Question:
Let $\mu:\mathbb C\to \mathbb C$ be a $C^\infty$ function satisfying $|\mu|\le 1$.
Let us furthermore assume that the function $\mu$ never takes the value $-1$.
Does there exist a $C^\infty$ function
$f:\mathbb C\to \mathbb C$ such that $\frac{\,\partial f/\partial \bar z\,}{\partial f/\partial z}=\mu$ ?
(and $\scriptstyle\partial f/\partial z$ everywhere non-zero)
Note that $f$ is by no means expected to be a homeomorphism. For example, if $\mu\equiv 1$, then a general solution is of the form projection $\mathbb C\to\mathbb R:z\mapsto Re(z)$ followed by any embedding $\mathbb R\to\mathbb C$.
The special case $|\mu|<1$ is the usual Beltrami equation.
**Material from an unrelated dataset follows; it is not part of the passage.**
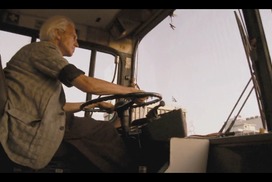 still / picture for Democracy In Motion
More generally, on which domains $U\subset\mathbb C$ can one guarantee that a solution exists?
[The exact problem I care about is defined on the strip $U=\{z\in\mathbb C:0\le Im(z)\le 1\}$, and the function $f$ is furthermore required to be periodic: $f(z)=f(z+1)$.]
Equivalent formulation:
Let $\nu:\mathbb C\to \mathbb C$ be a $C^\infty$ function satisfying $Im(\nu)\ge0$.
$\exists$? $f:\mathbb C\to \mathbb C$ such that $\frac{\,\partial f/\partial y\,}{\partial f/\partial x}=\nu$ ?
(and $\scriptstyle\partial f/\partial x$ everywhere non-zero)
(The two formulations are equivalent via the transformations $\mu=\frac{1+i\nu}{1-i\nu}$ and $\nu=i\frac{1-\mu}{1+\mu}$, which are a version of the Cayley transform. These transformations map $\nu$ in the closed upper half plane to $\mu$ in the closed unit disc minus $-1$.)
Partial result (positive solution in the completely degenerate case):
When $\nu$ is real, equivalently when $|\mu|=1$, then the problem admits a positive solution.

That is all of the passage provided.